Key Takeaways

  • API Keys are easily set up through most gateways, but beware of potential exposure, especially if included in URLs; consider additional security measures like HMAC.
  • OAuth2 delegates authentication to an Authorization Server, tying access tokens to users for heightened security in diverse scenarios.
  • OAuth2 vs API Keys: OAuth2 offers user-specific access tokens, centralized authentication, and easier token revocation; API keys are simpler but less secure.
  • API keys and OAuth are initial steps; consider API throttling, quota limits, and best practices; tools like Axway’s Amplify Platform simplify security with universal API management.

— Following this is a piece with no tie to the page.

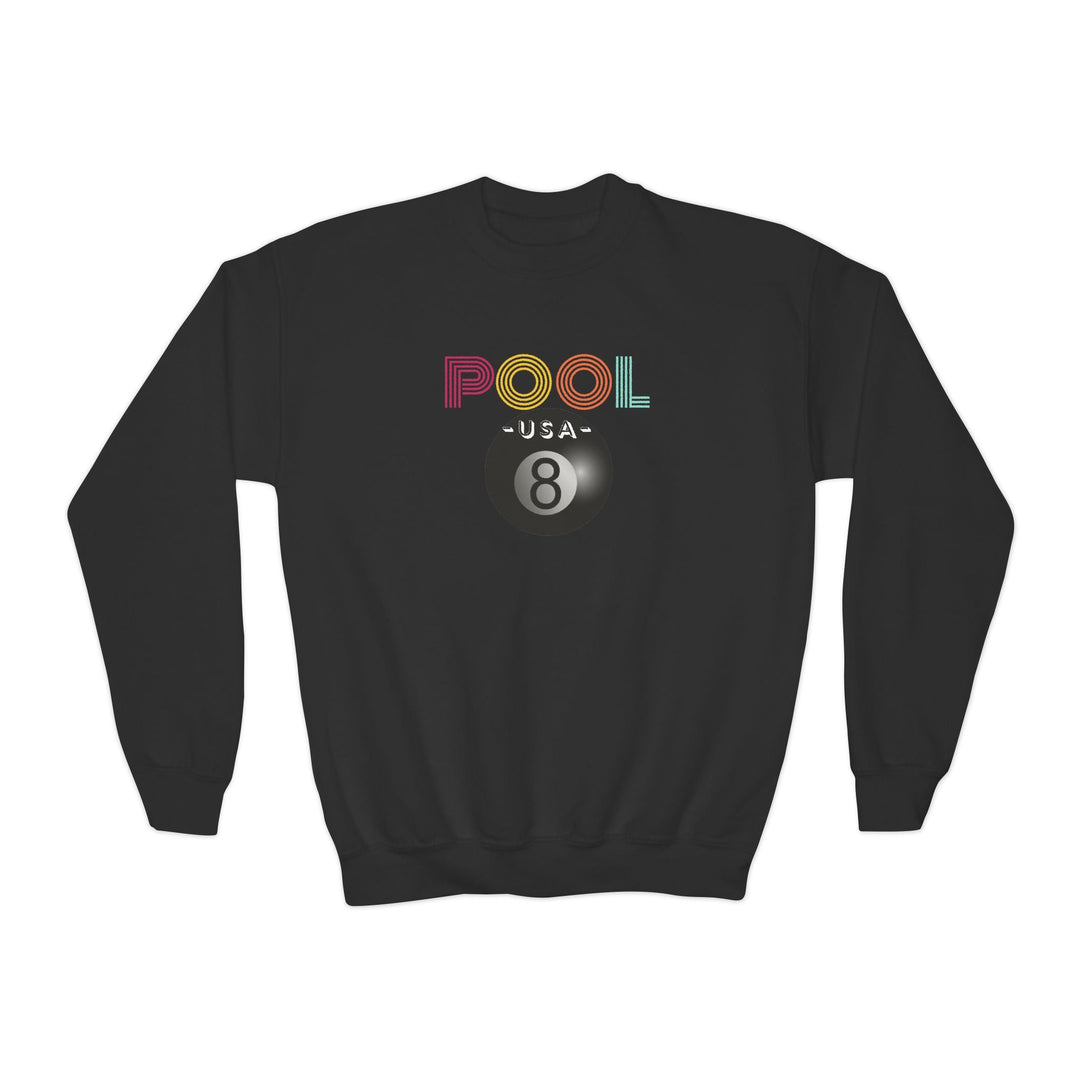 POOL USA - 8 Ball - Unisex Youth Crewneck Sweatshirt - BFLY BILLIARDS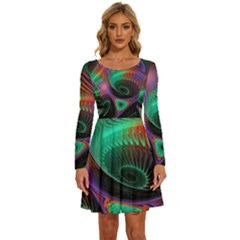 Circle Art 3d Artwork Graphics Vortex Colorful Digital Art Long Sleeve Wide Neck Velvet Dress by uniart180623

Securing your API may sound complicated, but there are some basic things you can consider when setting up your API in a more secure way than just exposing it wide open to the public. Authenticating a consumer is a first step towards:

  • Allowing access to your APIs only for a designated group of clients
  • Being able to say who is consuming your APIs and how much
  • Allowing you to block clients that misbehave or are no longer part of the target group of clients

In this blog, I will review the two most popular mechanisms to protect your APIs: API key and OAuth2, but keep in mind there is much more to API security than this. For more reading on the topic, check out API protection: How to create a fortress around your data.

API keys

An API key is a unique string that identifies the application calling an API and grants it a defined level of access. API keys are the lightweight authentication option: simple to issue, simple to revoke, simple to rotate. They work well for server-to-server traffic where the calling application has a stable identity, and they are appropriate for read-only or low-sensitivity APIs. They are not appropriate as the only line of defense for any API exposing personal data or money, because anyone who steals the key can impersonate the application without further checks.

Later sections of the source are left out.